Assim, o princípio em questão só se aplica perante uma situação de non liquet, uma dúvida insanável, não surgindo a dúvida não há que lhe fazer apelo. Ora o Tribunal recorrido não ficou dúvida alguma e também não vemos razão para a suscitar, pelo que não pode concluir-se pela violação desse princípio, consagrado no nº 2 do art. 32º da Constituição da República Portuguesa.
Relativamente aos factos dados como provados de 11 a 13, alega a recorrente que não se demonstrou que tenha aderido ao plano criminoso, nem que tenha tido qualquer intervenção no acto típico de subtração, nas agressões ou nas exigências de entrega de dinheiro.
Resultou provado que a recorrente acompanhou os co-arguidos à residência dos ofendidos, entrou com os co-arguidos na residência por uma janela que partiram para o efeito e agarrou a ofendida. Das declarações da ofendida resulta que a recorrente a impediu de sair do quarto enquanto o ofendido era agredido e lhe era exigido dinheiro e que a recorrente assistiu às exigências de dinheiro que o co-arguido DD fazia à ofendida, não a deixando sair do quarto.
Destes elementos forçoso é concluir que a recorrente aderiu ao plano criminoso e interveio na acção criminosa, quer ao não permitir que o ofendido, que era agredido pelo co-arguido AA enquanto lhe exigia dinheiro, fosse auxiliado pela ofendida, quer ao não permitir que a ofendida deixasse o quarto quando o co-arguido DD lhe exigia dinheiro, coagindo a ofendida, mesmo sem falar, a aceder às intimações do co-arguido. Ou seja, a recorrente e os co-arguidos agiram em execução de um plano previamente engendrado por todos, em comunhão de esforços e intentos, com o propósito concretizado de se apoderarem pelas força e agressão física, e através ainda da expressão proferida acima referida, dos bens dos ofendidos, constrangendo-os e colocando-os na impossibilidade de lhes resistirem.
Assim, não logrou a recorrente demonstrar o erro da convicção da primeira instância, não havendo razão para alterar a matéria fáctica provada e não provada.
Da integração jurídica
A recorrente GG alega que a sua conduta não preenche os elementos típicos da co-autoria material, já que não participou na fase de planeamento dos factos, não aderiu ao plano de execução com consciência e vontade, nem interveio em qualquer tarefa essencial para a concretização dos crimes – limitou-se a permanecer no quarto, calada e sem agir contra os ofendidos. Defende que a sua actuação se insere no âmbito da cumplicidade.

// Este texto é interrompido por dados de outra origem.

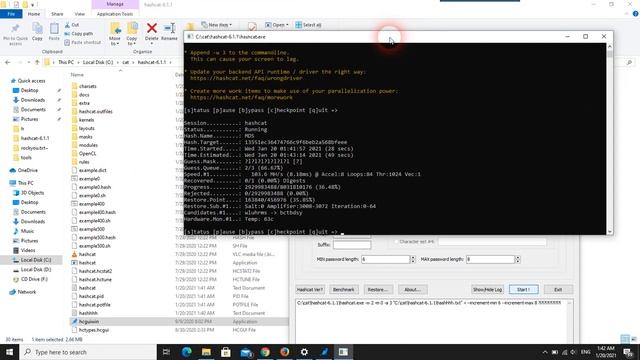 Hashcat GUI смотреть онлайн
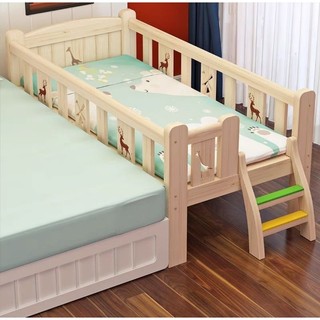 Giường ngủ gỗ cho bé đến khi  trường thành 0-18 tuổi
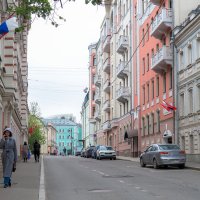 Уголок Москвы :: юрий поляков Уголок Москвы :: юрий поляков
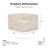 Boneless Cathryn 3-Piece Faux Fur Foam Modular Compressed Sofa-548579609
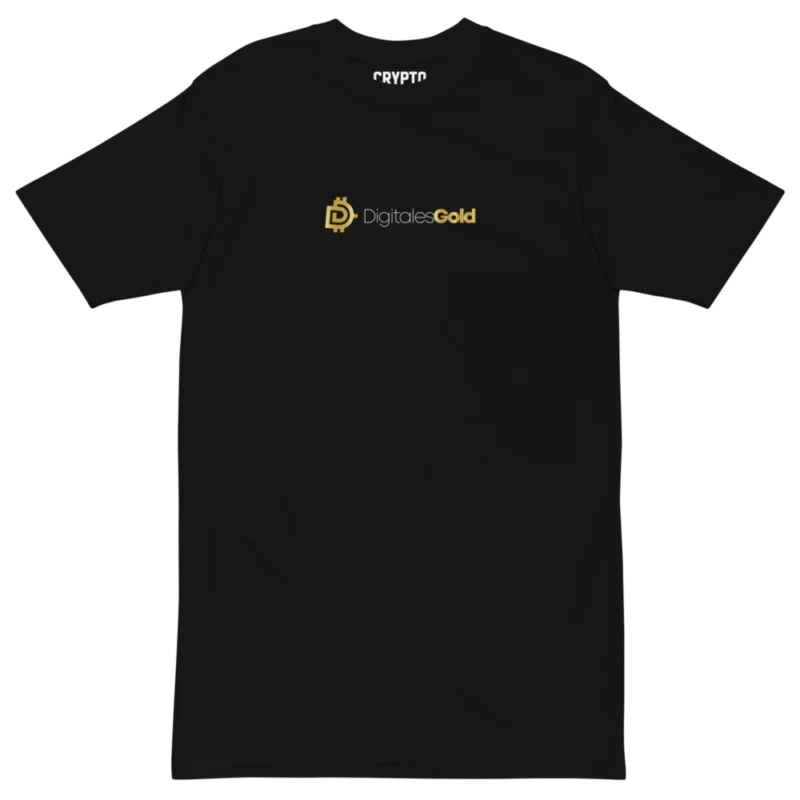 DigitalesGold Premium Heavyweight Tee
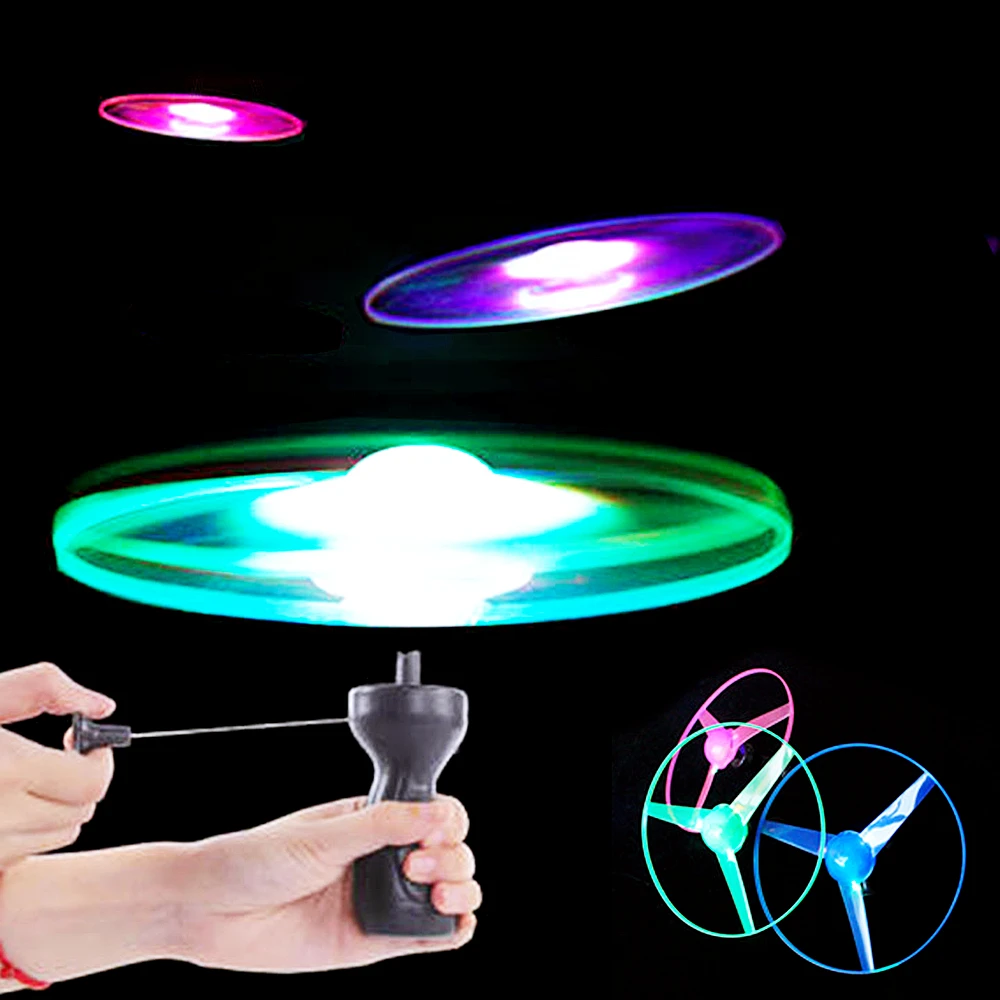 Luminous Flying Disc Propeller - Model Kit Ufo review and price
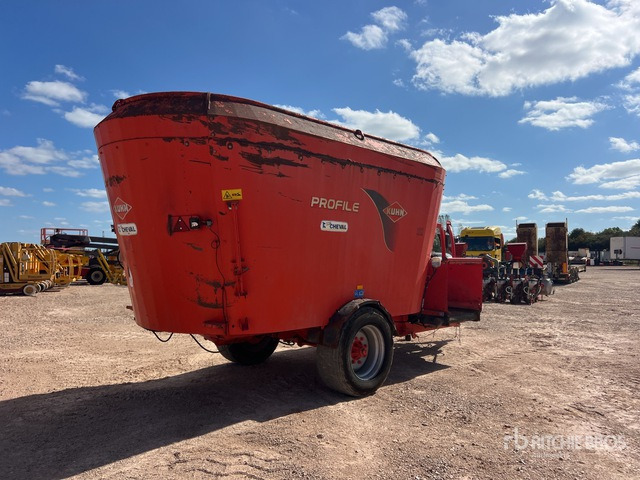 2013 Kuhn Profile 1880 Melangeuse Distributrice 1 Essi ... Feed Mixer - Desensiladora: foto 4 2013 Kuhn Profile 1880 Melangeuse Distributrice 1 Essi ... Feed Mixer - Desensiladora: foto 4
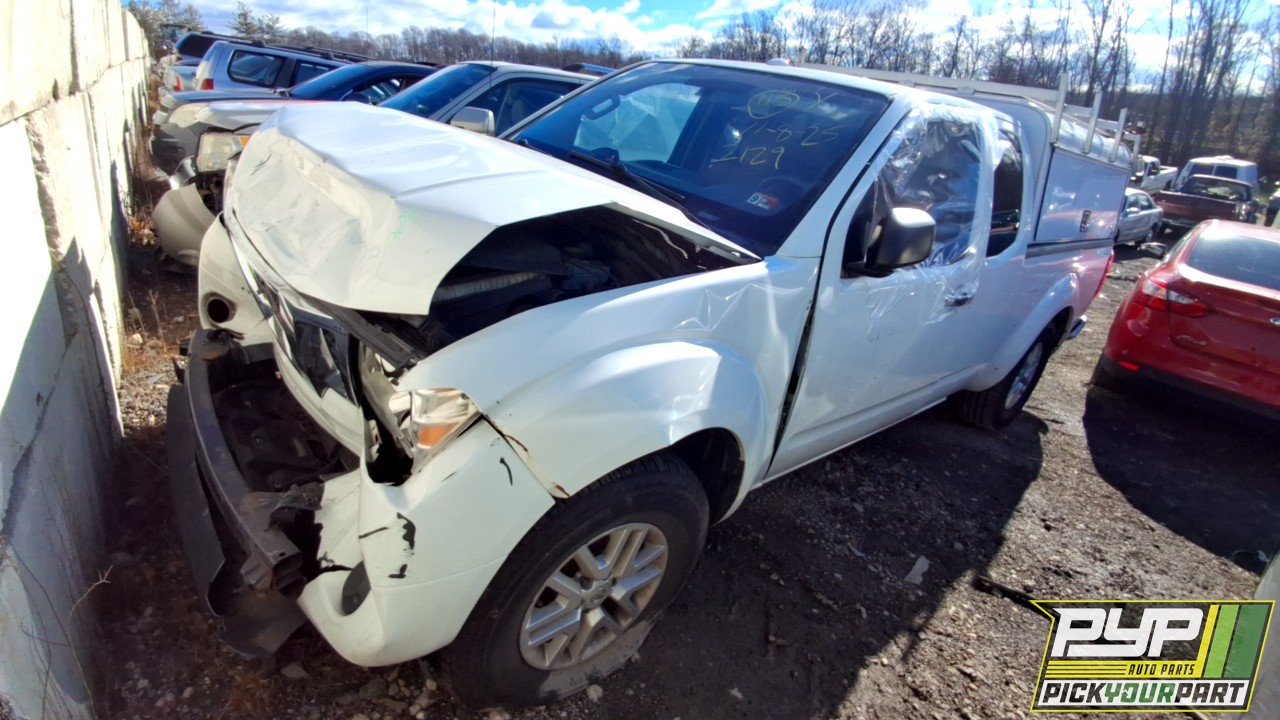 2016 NISSAN FRONTIER available for parts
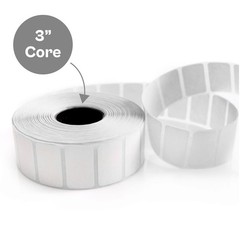 3″ x 2″ Thermal Transfer labels Ribbon Required 4 rls/CS 3″ Core White 2875/RL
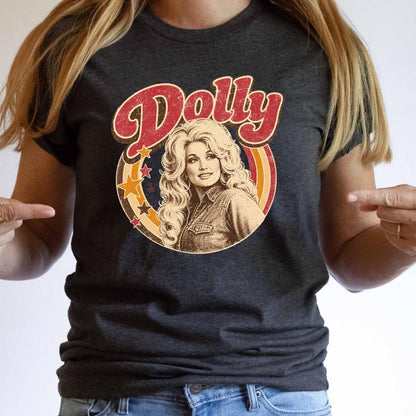 Dolly Parton Tribute Shirt, Country Music Legend Memorial Tee, RIP Dolly Parton T-Shirt 686090 WFD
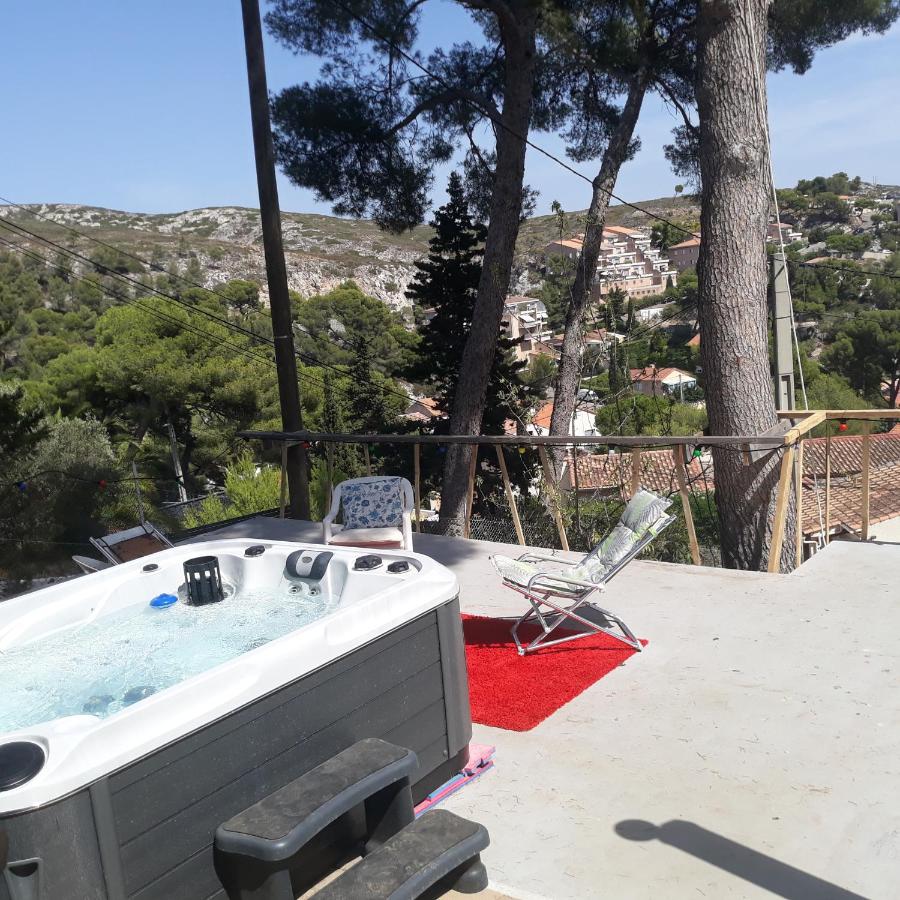 Villa Nicole avec Spa professionnel - B&B Carry-le-Rouet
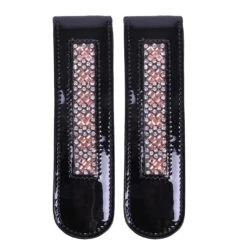 QHP Laarzenclip Macey Zwart/zilver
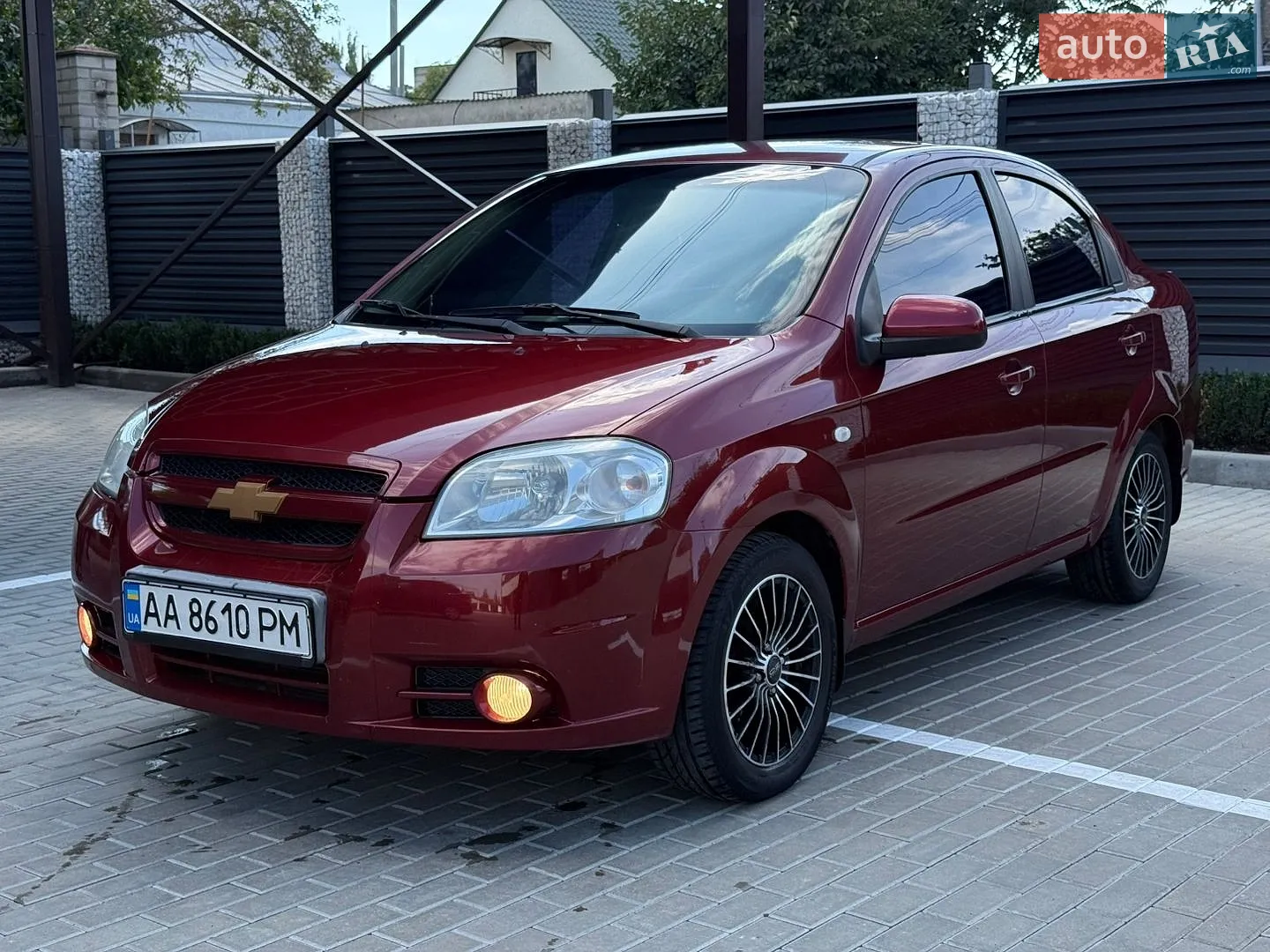 Chevrolet Aveo, 2008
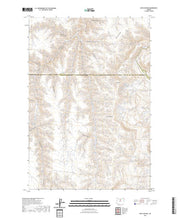 US Topo 7.5-minute map for Bath Canyon OR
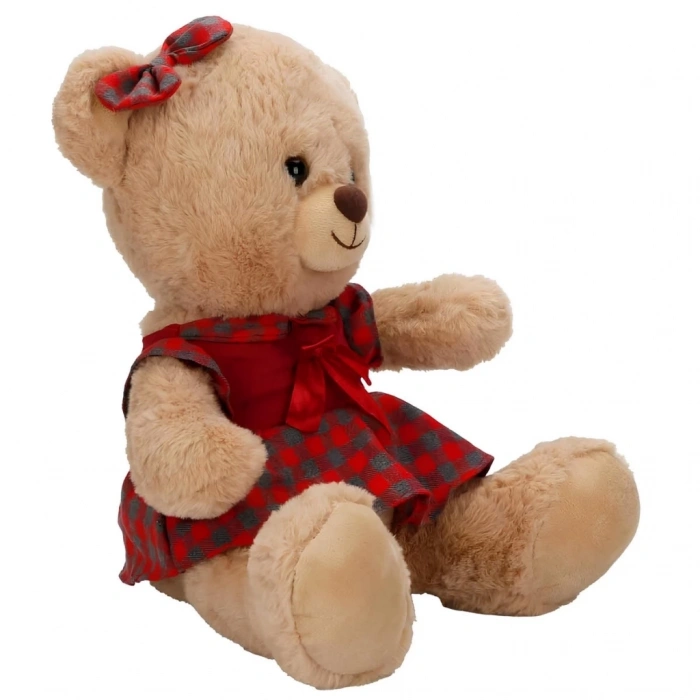 BFS  Kıyafetli Peluş Ayı 32 cm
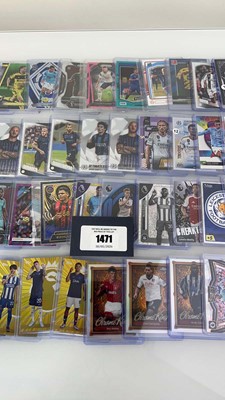 Lot 1471 - Approx. 60 Top Loaded Football trading cards...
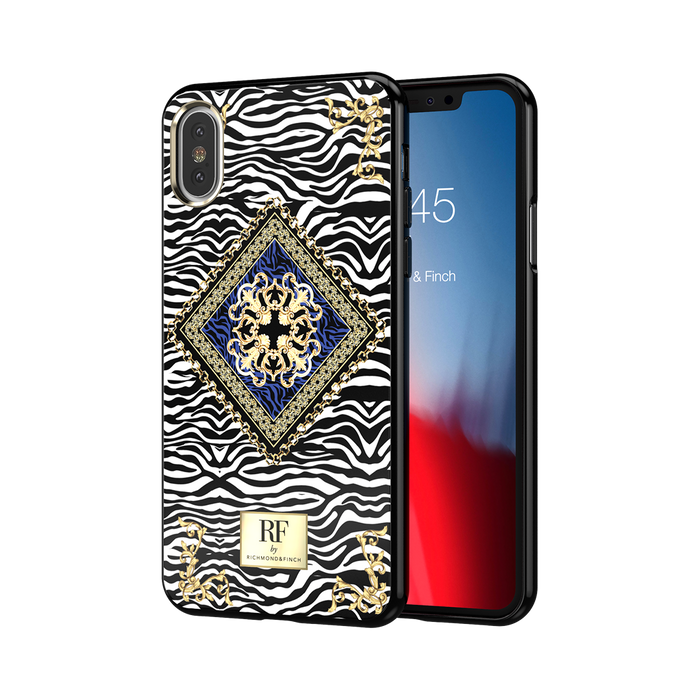 Richmond & Finch Zebra Kette für iPhone X/Xs
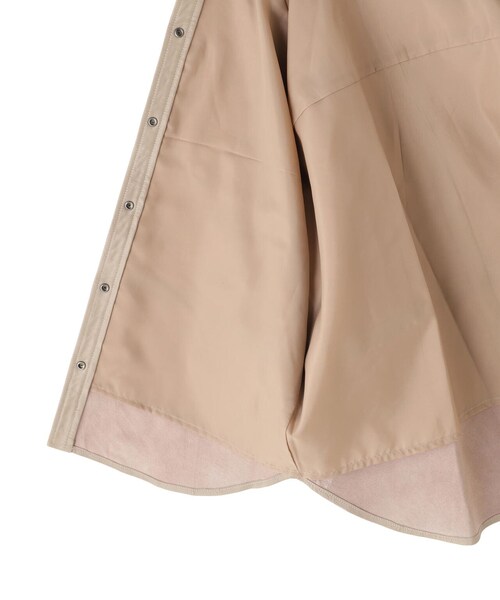 B'2nd（ビーセカンド）の「NCB neat caprice brand(エヌシービーニートカプリスブランド) WOMENS SHEEP SHIRTS（ジャケット/アウター・ブラック/グレー・F）」の12枚目の写真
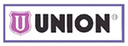 Polkupyörän osia ja pyörätarvikkeita valmistavan Unionin logo.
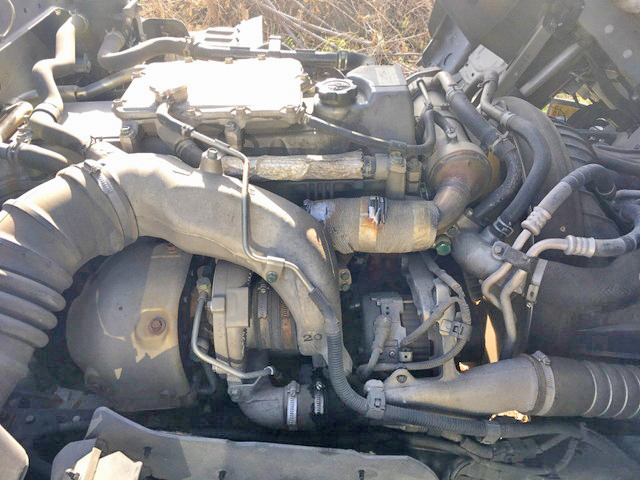 日野レンジャーパッカー車（塵芥車）中型（4t）[写真17]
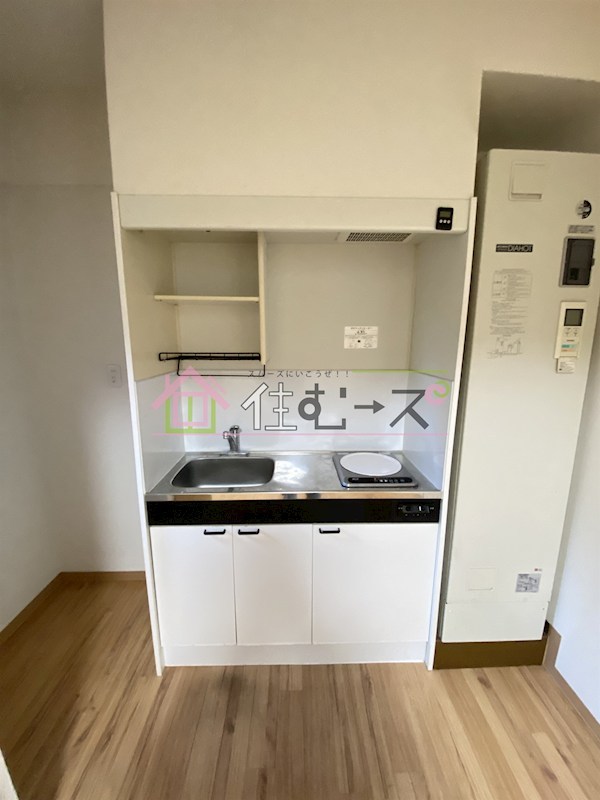 夕陽丘プラトー キッチン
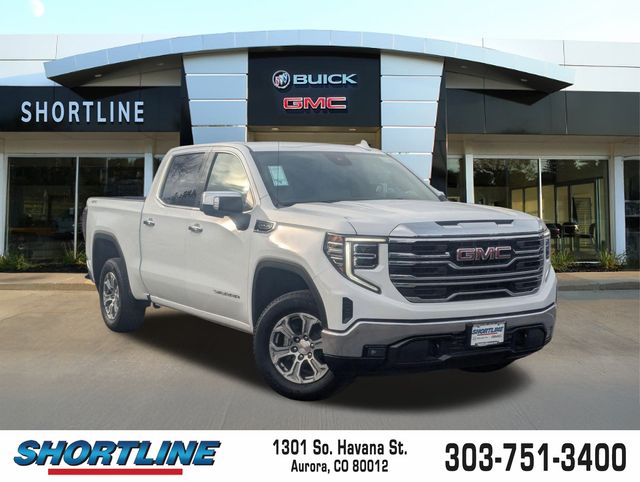 2025 GMC Sierra 1500 SLT Crew Cab 4WD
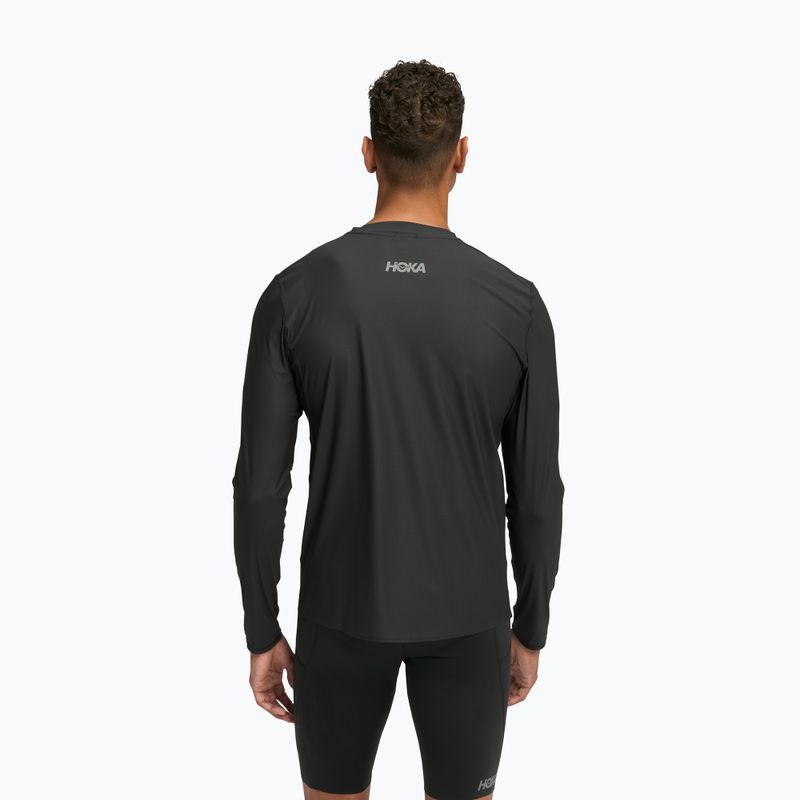 Pánské běžecké tričko Longsleeve HOKA Airolite 2.0 black 3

Ao invés do que alega a recorrente (e como já vimos), ela aderiu ao plano criminoso e interveio na acção criminosa, quer ao não permitir que o ofendido, que era agredido pelo co-arguido AA enquanto lhe exigia dinheiro, fosse auxiliado pela ofendida, quer ao não permitir que a ofendida deixasse o quarto quando o co-arguido DD lhe exigia dinheiro. Ou seja, a recorrente e os co-arguidos agiram em execução de um plano previamente engendrado por todos, em comunhão de esforços e intentos, com o propósito concretizado de se apoderarem pelas força e agressão física, e através ainda da expressão proferida acima referida, dos bens dos ofendidos, constrangendo-os e colocando-os na impossibilidade de lhes resistirem.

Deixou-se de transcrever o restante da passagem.